> _What you should do_:
Your answer must be an exact copy of the lines from the one containing "PM Task form" through the last line of the records below, with no pictures; please include nothing else.

START Input

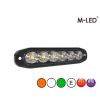 Blixtljus - M-Led - 4.6" - 11.8cm - Klar - Trefärgad - 20 blixtmönster - Vit/Bärnsten/Grön - R65 - 12V-30V -
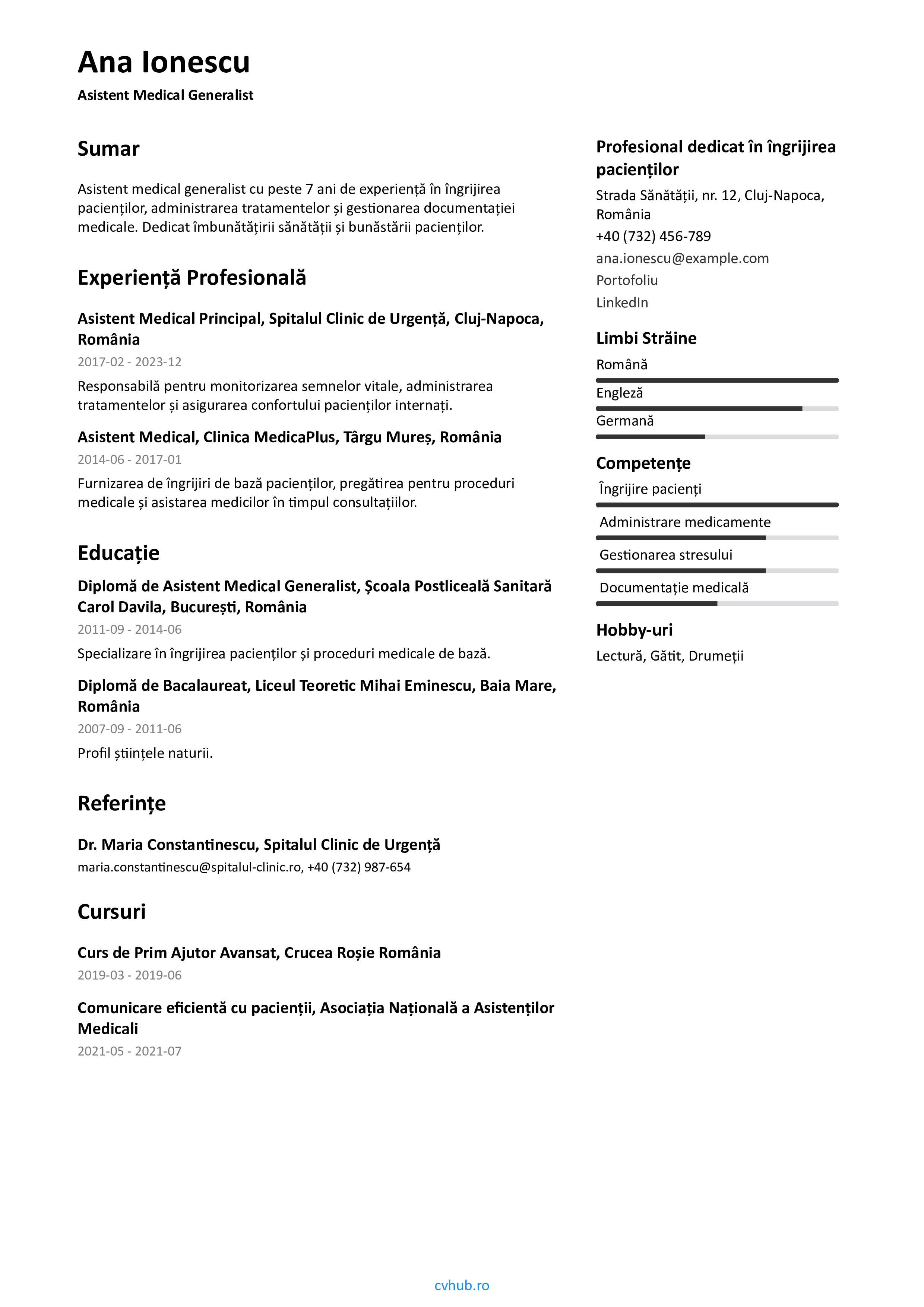 Exemplu de model curriculum vitae simplu cu un design elegant, ușor de personalizat pentru orice carieră.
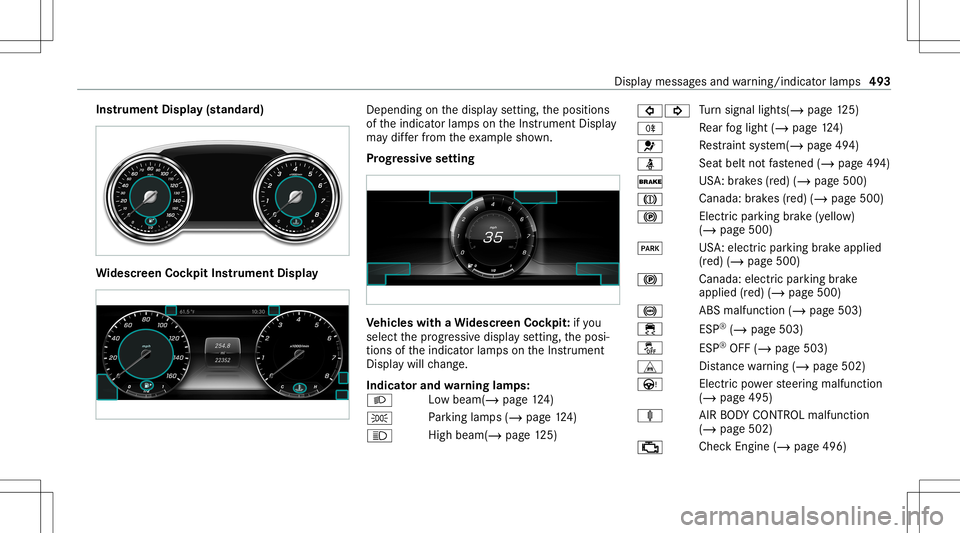 MERCEDES-BENZ E-CLASS SEDAN 2020  Owners Manual Ins
trum ent Disp lay(s tand ard) Wi
des cree nCo ckpit Instru men tDi spl ay Dep
endingonthedispla yse tting, theposition s
of theindicat orlam pson theIns trument Display
ma ydif ferfr om theex am p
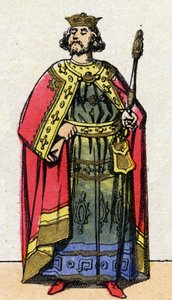 Dinastía de los Capetos: Retrato de Luis VI el Gordo (1081-1137), Rey de los Francos de 1108 a 1137. Imagen de Epinal de finales del siglo XIX. Colección privada. de French School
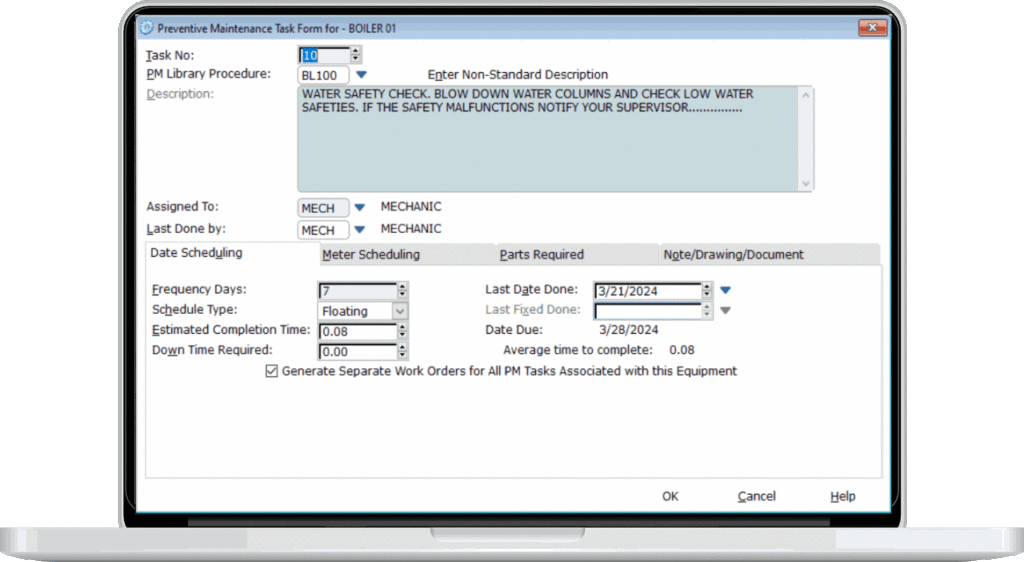 PM Task form from Maintenance Management Software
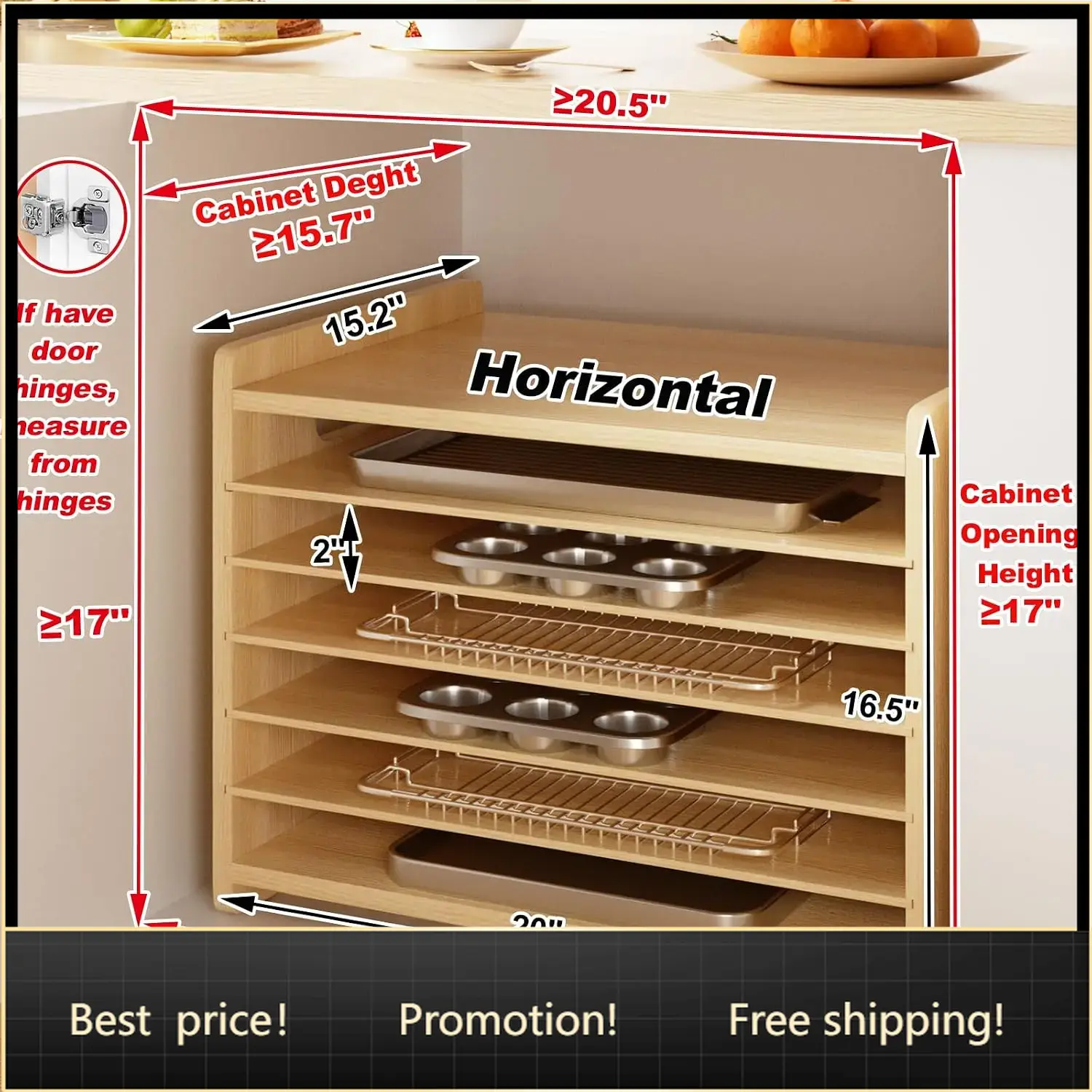 Divisórias de Madeira de 7 Nív - Kitchen Baking Sheet Organizer avaliação e preço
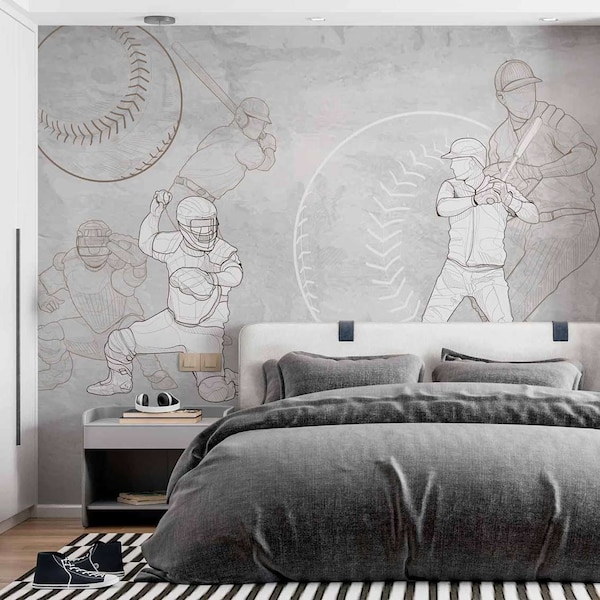 Baseball wallpaper for children's rooms, Joey Style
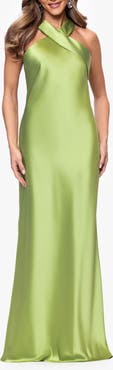 Xscape Evenings Halter Neck Satin Trumpet Gown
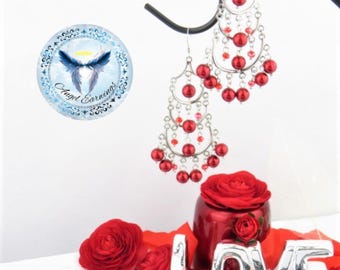 Red Goddess Earrings: Chandelier Style, Red Glass Pearl Beads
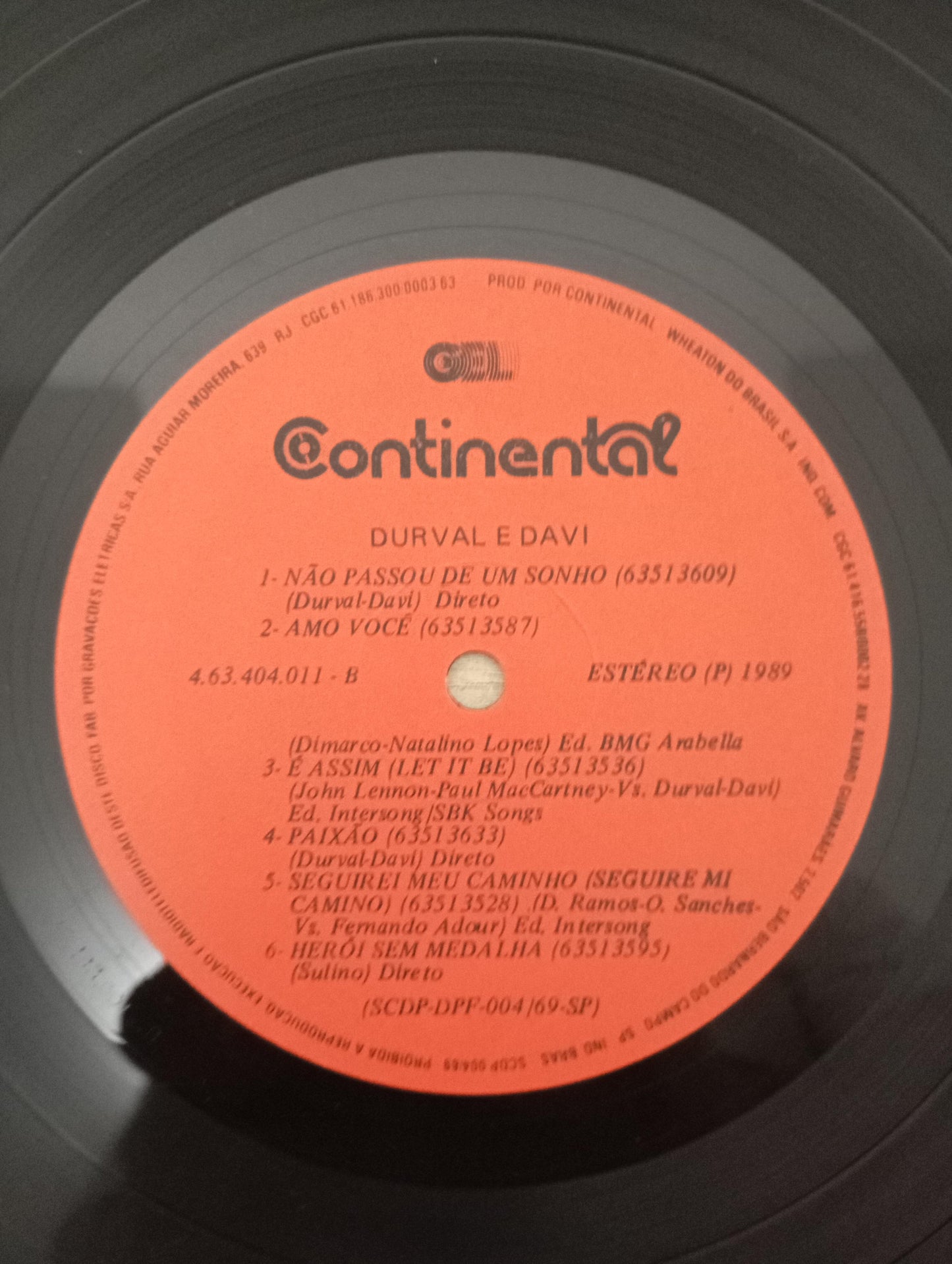 Lp Vinil Durval & Davi 1989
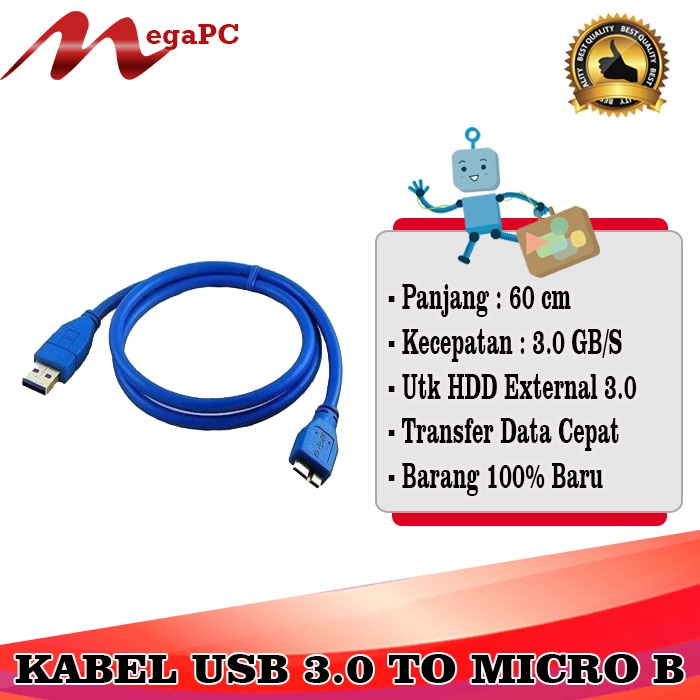 Kabel USB 3.0 To Micro B Untuk Hardisk External Baru merk NYK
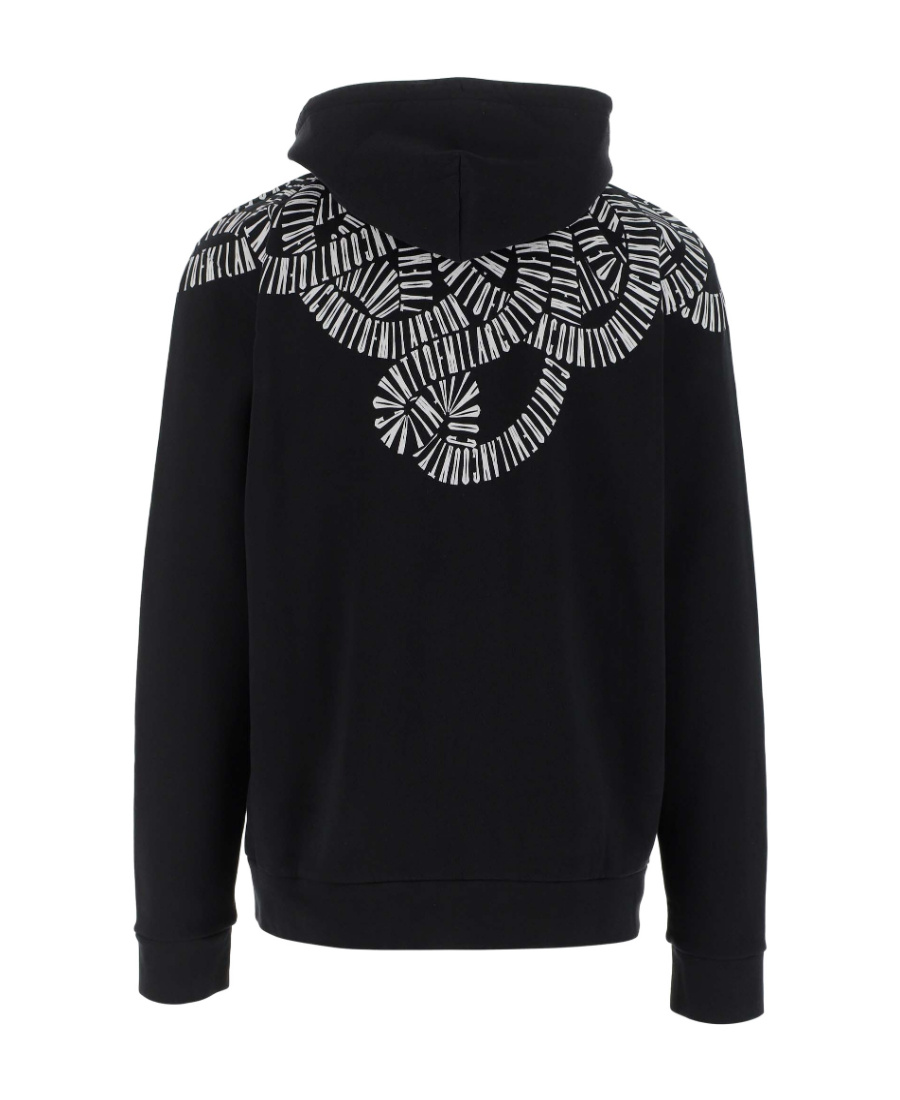 Marcelo Burlon County Of Milan Snake Wings Cotton Hoodie In Black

END Input

> _Written solution_:
 PM Task form from Maintenance Management Software
 Divisórias de Madeira de 7 Nív - Kitchen Baking Sheet Organizer avaliação e preço
 Baseball wallpaper for children's rooms, Joey Style
 Xscape Evenings Halter Neck Satin Trumpet Gown
 Red Goddess Earrings: Chandelier Style, Red Glass Pearl Beads
 Lp Vinil Durval & Davi 1989
 Kabel USB 3.0 To Micro B Untuk Hardisk External Baru merk NYK
 Marcelo Burlon County Of Milan Snake Wings Cotton Hoodie In Black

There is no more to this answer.